A1: Because if there were more starts of AST Nodes than starts of tokens then there would be an AST Node that starts at a non-token. Which would be quite an accomplishment for the author of the parser! To make this concrete, suppose you have the following JavaScript statement:
const a = function *() { return a + ++ b }
Here are the locations at the starts of tokens:
const a = function *() { return a + ++ b } /*
^ ^ ^ ^^^ ^ ^ ^ ^ ^ ^ ^
*/
Here's roughly where most parsers will say the starts of AST Nodes are.
const a = function *() { return a + ++ b } /*
^ ^ ^ ^ ^ ^ ^
*/
That's a 46% reduction in the number of source-map locations!

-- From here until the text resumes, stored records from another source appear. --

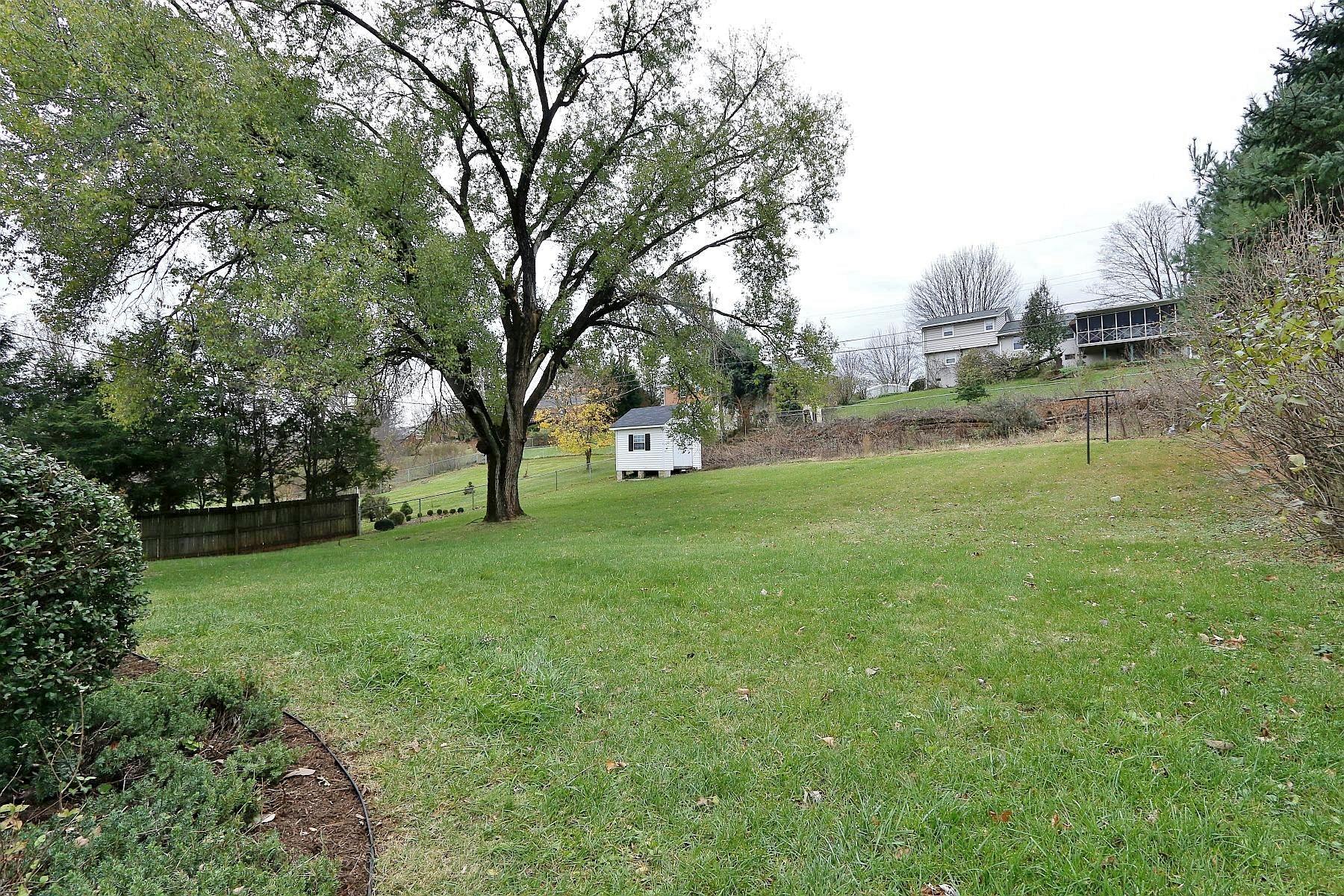 5828 Castle Rock Road Roanoke, VA 24018 - Photo 35 of 42 _MG_2269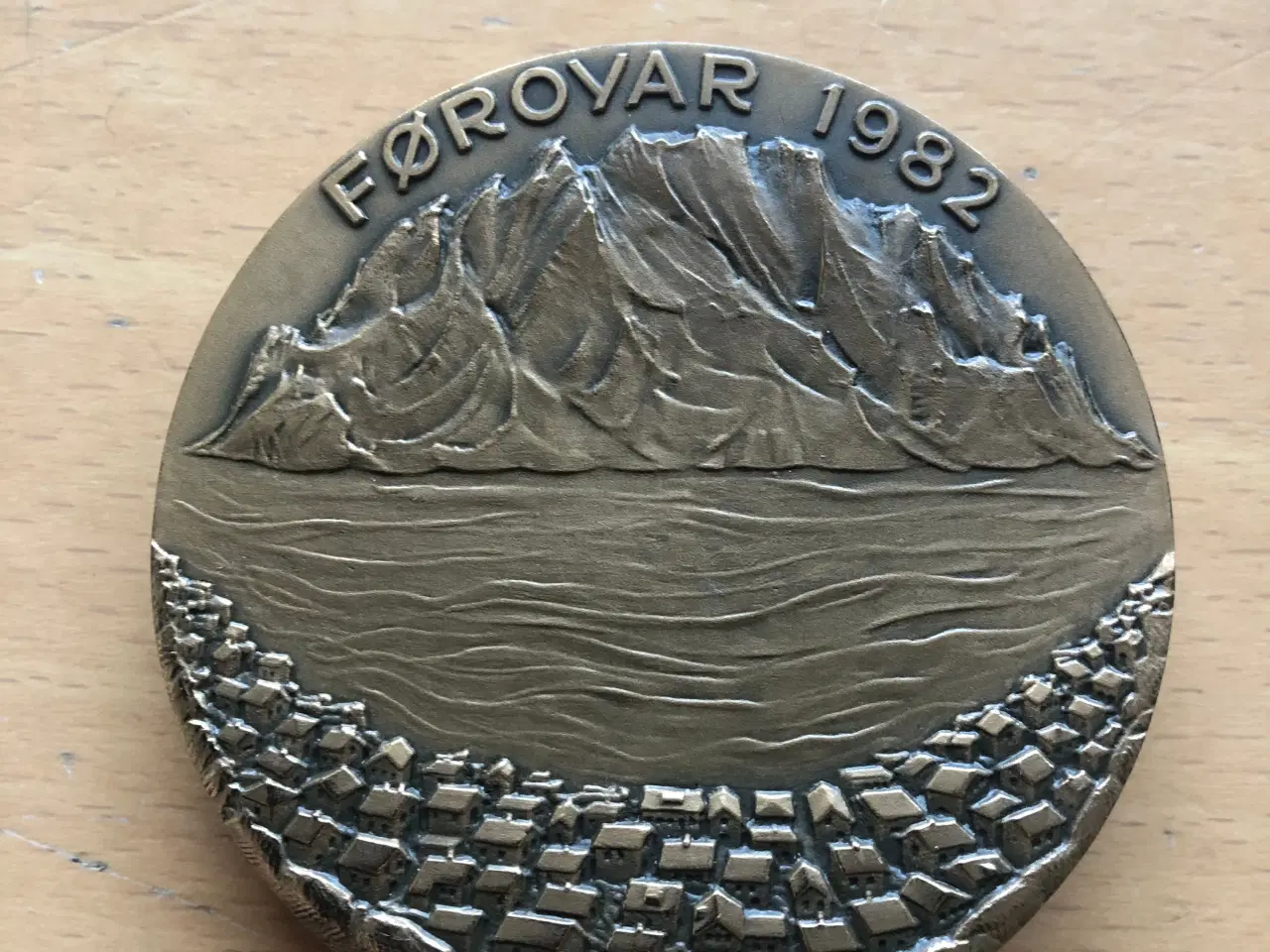 Billede 2 - Medalje Færøerne 1982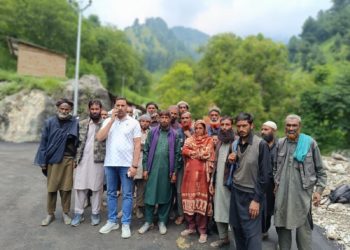 ستورہ حاجن رابط سڑک آخر کا تعمیر، میکڈم بھی بچھایا گیاآبادی کا اظہار مسرت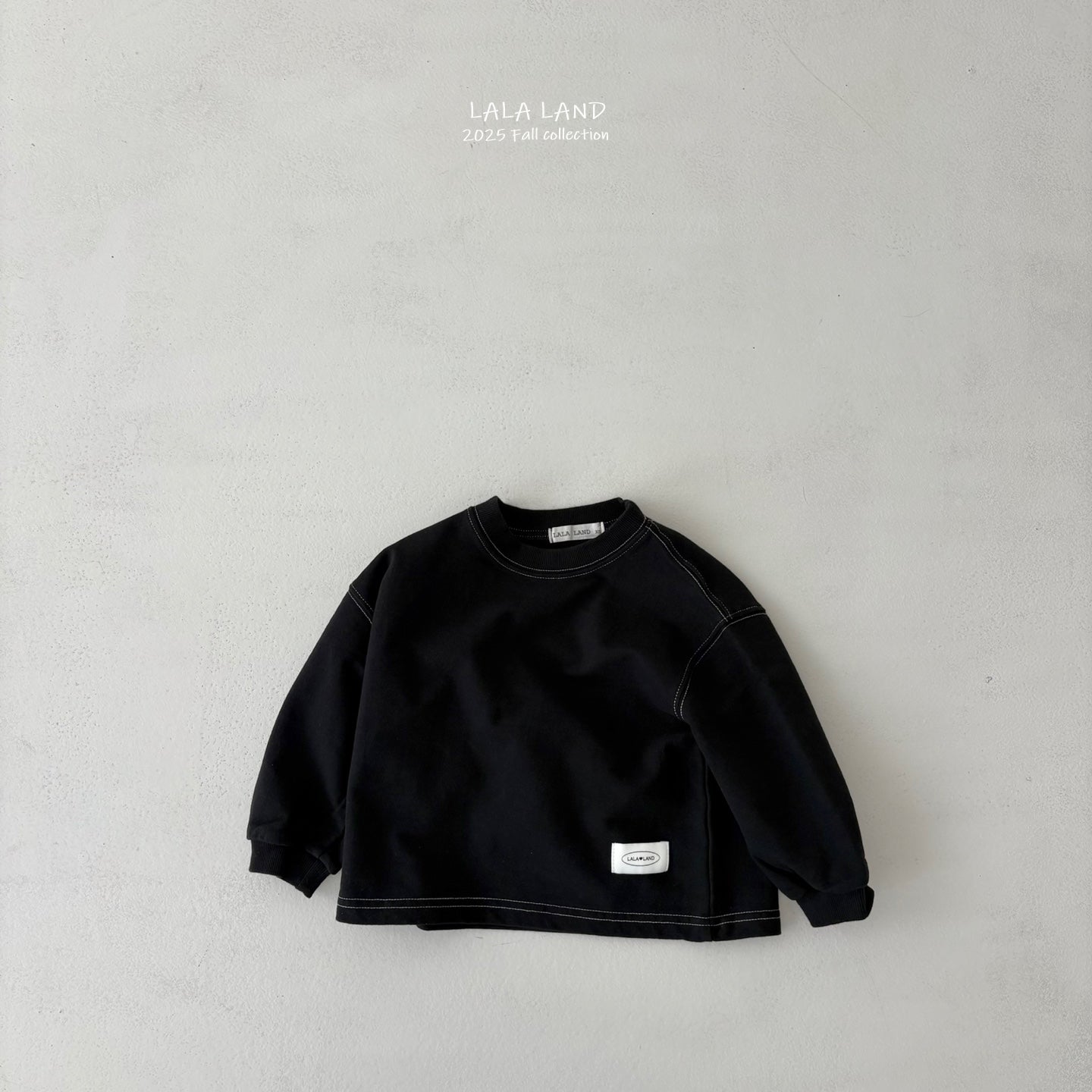 [PRE-ORDER] White&Black Sweatshirts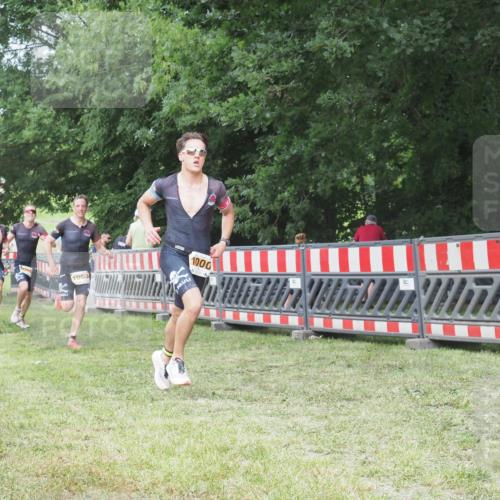 21.06.2025 - 27. Vierlanden-Triathlon KatJ http://msf.ph/oto/8000825 15.06.2025 12:54:29 Ziel 999, 1000, 1001, 1003 meine-sportfotos.de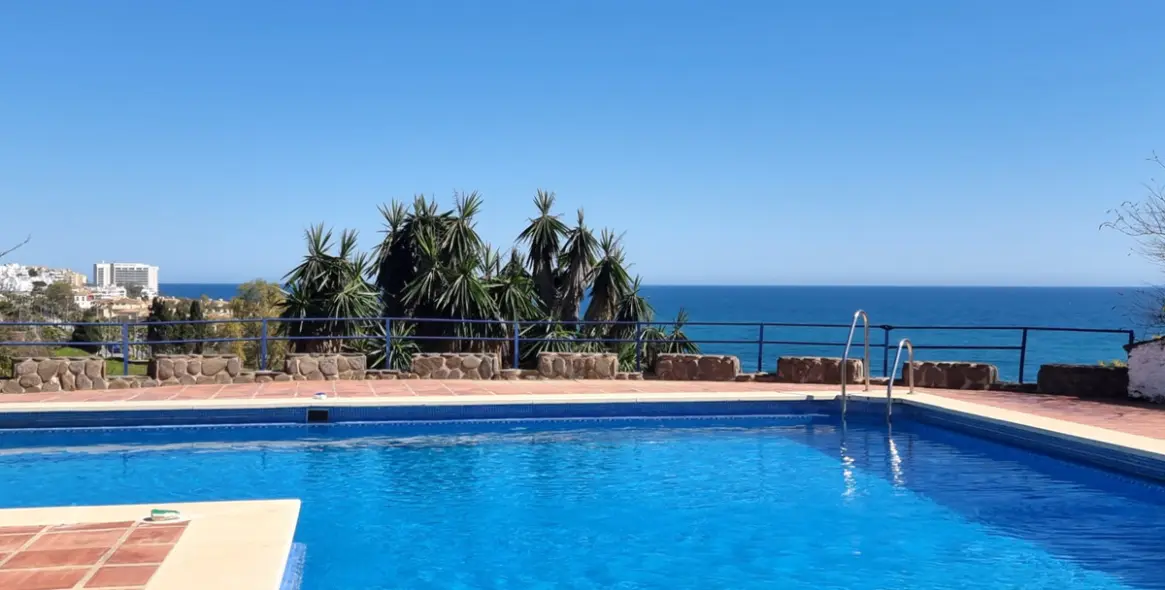 Sale of semi-detached house in Benalmadena 1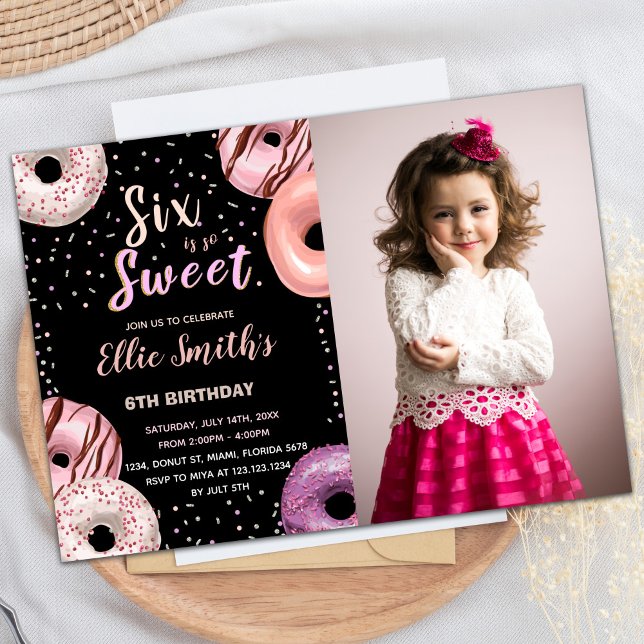 Convite Noivado de Seis Rosquinhas de Foto Rosa Negra Doce (Six Sweet Black Pink Photo Donut Birthday Invitation)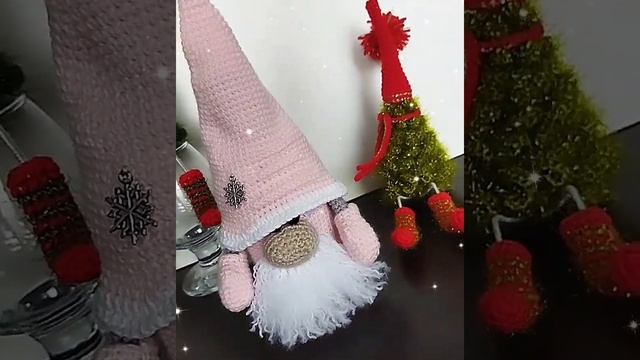 МК бесплатно. гном амигуруми с подарком. ёлочка крючком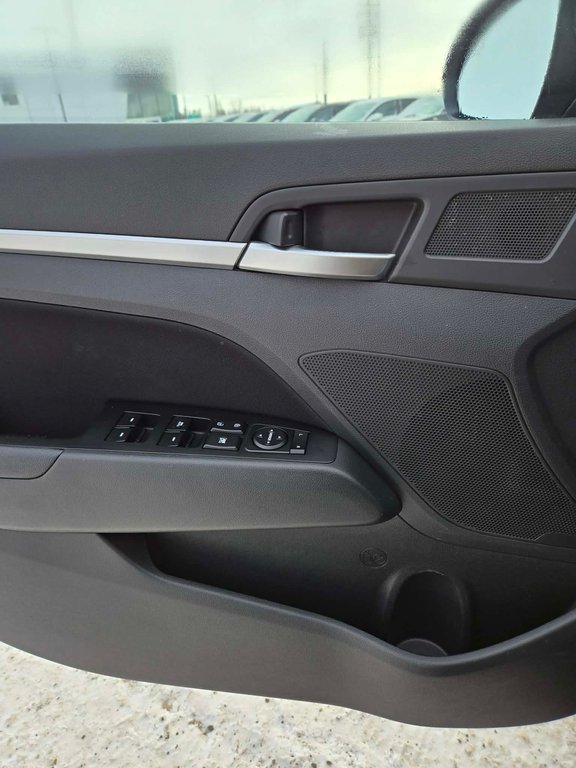 2020 Hyundai Elantra Preferred w/Sun & Safety Package, JAMAIS ACCIDENTÉ in Mirabel, Quebec - 8 - w1024h768px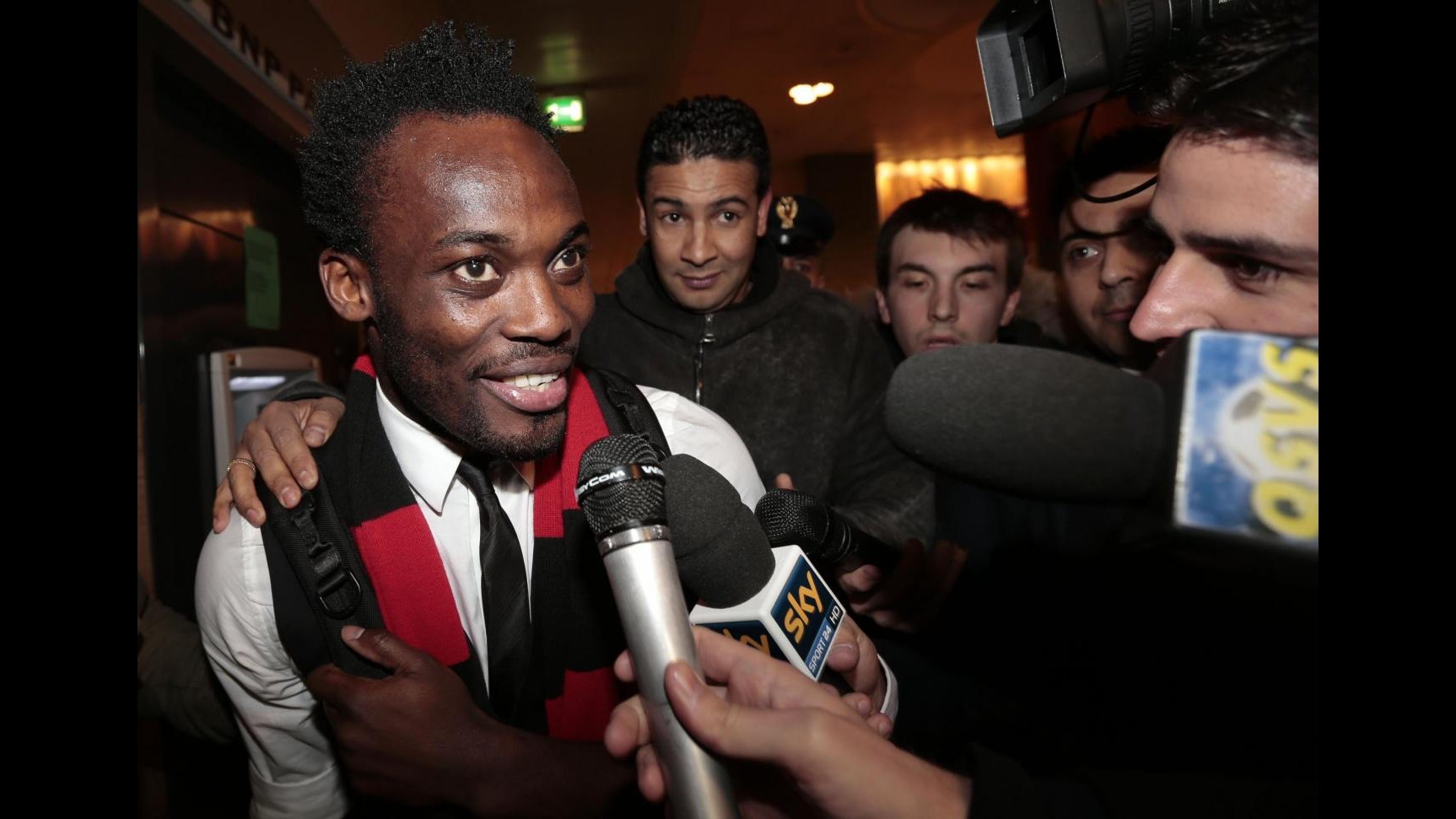 Essien: Sognavo di giocare nel Milan, Mou mi ha incoraggiato. Galliani: Nessun problema fisico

Q2: Why expect AST-Node-granularity source maps to be smaller?
A2:See A1 above
Q3: What format would you use for referencing AST Nodes?
A3: No format. See the sample code in Update 1 above. I am talking about adding source map locations for the starts of AST Nodes. The process is almost exactly the same as the process for adding source map locations for the starts of tokens, except you are adding fewer locations.
Q4: How can you assert that all tools dealing with the source map use the same AST representation?
A4: Assume we control the entire pipeline and are using the same parser everywhere.
The TypeScript
compiler actually only emits sourcemap locations on AST node bounds, with some exceptions to improve compatibility with certain tools that expect mappings for certain positions, so token-based maps actually aren't quite universal. In the example you give, TS's sourcemaps are for positions like so:
const a = function *() { return a + ++ b } /*
^ ^^ ^ ^ ^^ ^ ^^^
*/
Which are generally both the start and end of each Identifier AST node (plus starts otherwise).
The rationale for mapping both start and end positions for an Identifier AST node is pretty simple - when you rename an Identifier, you want a selection range on that renamed identifier to be able to map back to the original identifier, without necessarily relying on heuristics.